● What needs to be done
Starting at the line that contains "Niezawodny Pickup Ford", copy each line through the end of the listing below. Include both ends and output nothing more.

● Data for review
BEGIN

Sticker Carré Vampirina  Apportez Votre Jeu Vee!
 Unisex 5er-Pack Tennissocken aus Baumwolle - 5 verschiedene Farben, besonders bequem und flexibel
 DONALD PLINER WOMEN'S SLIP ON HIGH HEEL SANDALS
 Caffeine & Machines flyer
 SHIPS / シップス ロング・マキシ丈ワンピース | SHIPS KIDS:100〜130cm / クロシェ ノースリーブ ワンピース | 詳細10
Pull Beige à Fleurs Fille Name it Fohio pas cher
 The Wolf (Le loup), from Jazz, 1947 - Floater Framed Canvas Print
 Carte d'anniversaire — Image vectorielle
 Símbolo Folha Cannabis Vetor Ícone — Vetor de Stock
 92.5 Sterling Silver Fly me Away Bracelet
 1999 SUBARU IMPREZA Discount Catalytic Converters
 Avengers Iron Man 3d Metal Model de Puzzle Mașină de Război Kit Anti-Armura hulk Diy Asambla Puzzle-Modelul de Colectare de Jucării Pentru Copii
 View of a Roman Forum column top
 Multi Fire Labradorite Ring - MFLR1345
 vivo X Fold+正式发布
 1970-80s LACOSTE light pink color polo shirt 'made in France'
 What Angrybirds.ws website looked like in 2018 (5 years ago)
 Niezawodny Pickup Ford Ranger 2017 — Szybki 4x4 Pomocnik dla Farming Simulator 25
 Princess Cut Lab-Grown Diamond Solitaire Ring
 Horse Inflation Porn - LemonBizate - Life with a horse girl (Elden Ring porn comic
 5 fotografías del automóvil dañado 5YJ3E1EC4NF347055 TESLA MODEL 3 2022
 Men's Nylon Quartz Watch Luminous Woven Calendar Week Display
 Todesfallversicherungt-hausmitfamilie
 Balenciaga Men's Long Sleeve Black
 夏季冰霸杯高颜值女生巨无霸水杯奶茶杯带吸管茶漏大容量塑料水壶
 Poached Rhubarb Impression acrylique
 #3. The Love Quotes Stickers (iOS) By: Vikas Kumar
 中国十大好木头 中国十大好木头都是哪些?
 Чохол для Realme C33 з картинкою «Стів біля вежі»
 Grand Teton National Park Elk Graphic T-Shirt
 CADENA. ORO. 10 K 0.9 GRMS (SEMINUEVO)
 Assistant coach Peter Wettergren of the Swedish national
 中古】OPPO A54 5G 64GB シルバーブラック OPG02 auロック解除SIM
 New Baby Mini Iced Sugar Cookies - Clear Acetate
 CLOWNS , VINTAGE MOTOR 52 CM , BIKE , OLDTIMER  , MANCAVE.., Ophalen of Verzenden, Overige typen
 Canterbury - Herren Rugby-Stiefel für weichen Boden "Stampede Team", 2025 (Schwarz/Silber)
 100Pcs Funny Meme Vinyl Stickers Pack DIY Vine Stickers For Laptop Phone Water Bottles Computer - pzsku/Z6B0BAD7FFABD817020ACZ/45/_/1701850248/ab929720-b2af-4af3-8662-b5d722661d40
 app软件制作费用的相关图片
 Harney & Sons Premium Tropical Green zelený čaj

END

● Written solution
 Niezawodny Pickup Ford Ranger 2017 — Szybki 4x4 Pomocnik dla Farming Simulator 25
 Princess Cut Lab-Grown Diamond Solitaire Ring
 Horse Inflation Porn - LemonBizate - Life with a horse girl (Elden Ring porn comic
 5 fotografías del automóvil dañado 5YJ3E1EC4NF347055 TESLA MODEL 3 2022
 Men's Nylon Quartz Watch Luminous Woven Calendar Week Display
 Todesfallversicherungt-hausmitfamilie
 Balenciaga Men's Long Sleeve Black
 夏季冰霸杯高颜值女生巨无霸水杯奶茶杯带吸管茶漏大容量塑料水壶
 Poached Rhubarb Impression acrylique
 #3. The Love Quotes Stickers (iOS) By: Vikas Kumar
 中国十大好木头 中国十大好木头都是哪些?
 Чохол для Realme C33 з картинкою «Стів біля вежі»
 Grand Teton National Park Elk Graphic T-Shirt
 CADENA. ORO. 10 K 0.9 GRMS (SEMINUEVO)
 Assistant coach Peter Wettergren of the Swedish national
 中古】OPPO A54 5G 64GB シルバーブラック OPG02 auロック解除SIM
 New Baby Mini Iced Sugar Cookies - Clear Acetate
 CLOWNS , VINTAGE MOTOR 52 CM , BIKE , OLDTIMER  , MANCAVE.., Ophalen of Verzenden, Overige typen
 Canterbury - Herren Rugby-Stiefel für weichen Boden "Stampede Team", 2025 (Schwarz/Silber)
 100Pcs Funny Meme Vinyl Stickers Pack DIY Vine Stickers For Laptop Phone Water Bottles Computer - pzsku/Z6B0BAD7FFABD817020ACZ/45/_/1701850248/ab929720-b2af-4af3-8662-b5d722661d40
 app软件制作费用的相关图片
 Harney & Sons Premium Tropical Green zelený čaj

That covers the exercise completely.